-- Opening Marker --

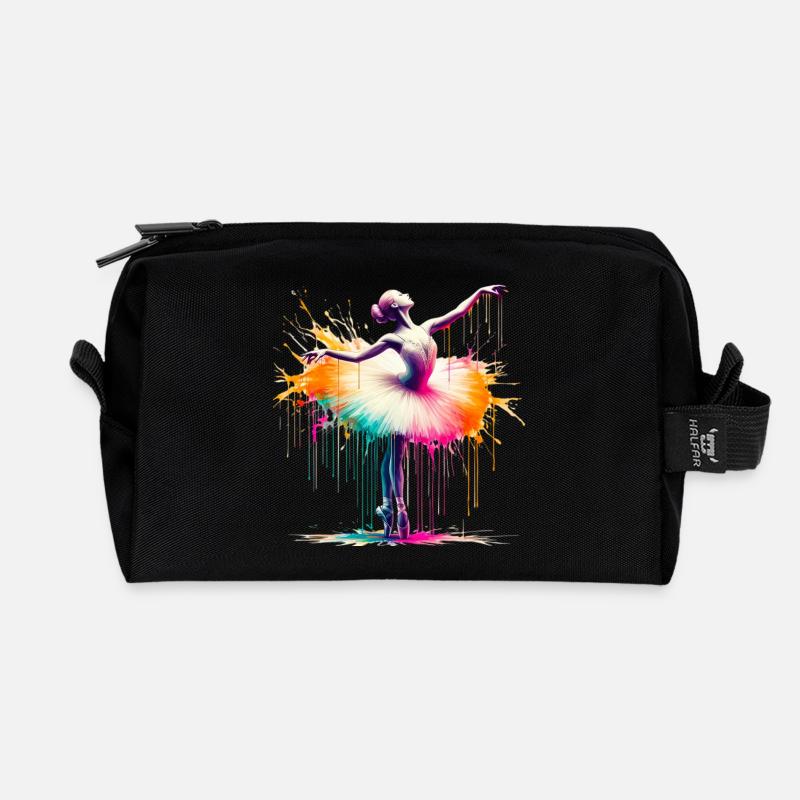 Balletttänzerin mit Tutu - Recycelte Kulturtasche - Schwarz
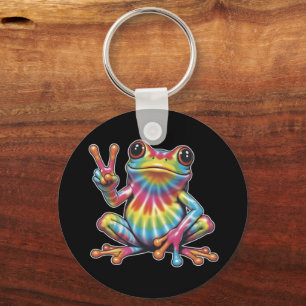Lustiger Froschliebhaber Tie-Dye Frosch Friedensze Schlüsselanhänger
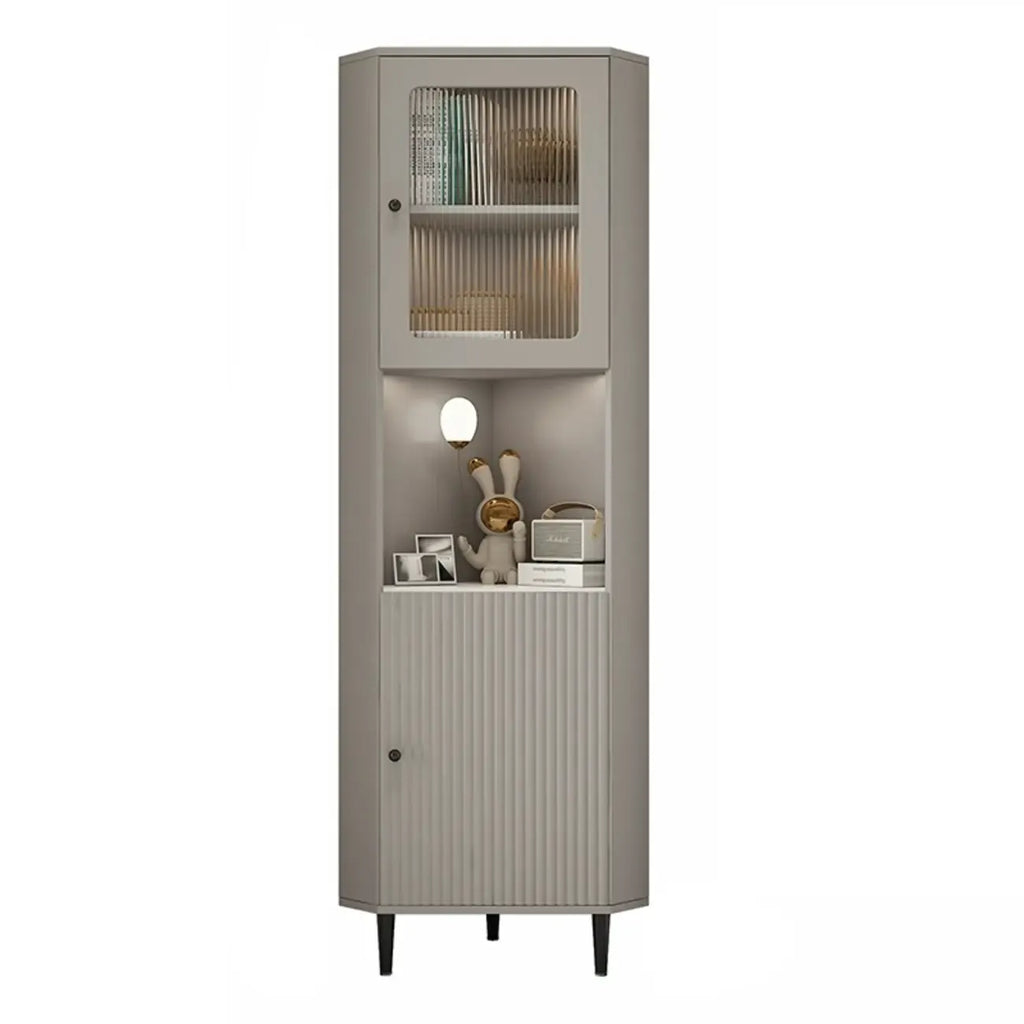 Elegant Faux Marble Top Striped Wooden Glass Corner Cabinet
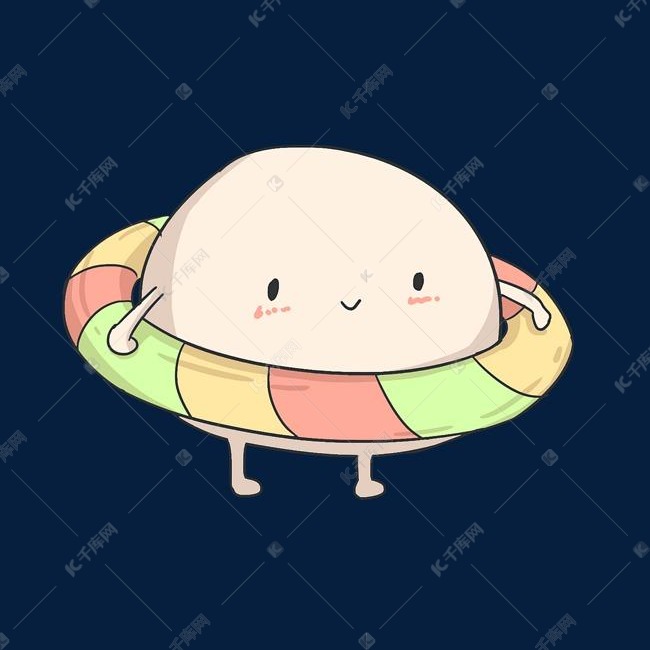 戴着游泳圈的汤圆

-- Closing Marker --

DIRECTIONS:
Give back the data exactly. Skip any images.

EXERCISE SOLUTION:
 Balletttänzerin mit Tutu - Recycelte Kulturtasche - Schwarz
Lustiger Froschliebhaber Tie-Dye Frosch Friedensze Schlüsselanhänger
 Elegant Faux Marble Top Striped Wooden Glass Corner Cabinet
 戴着游泳圈的汤圆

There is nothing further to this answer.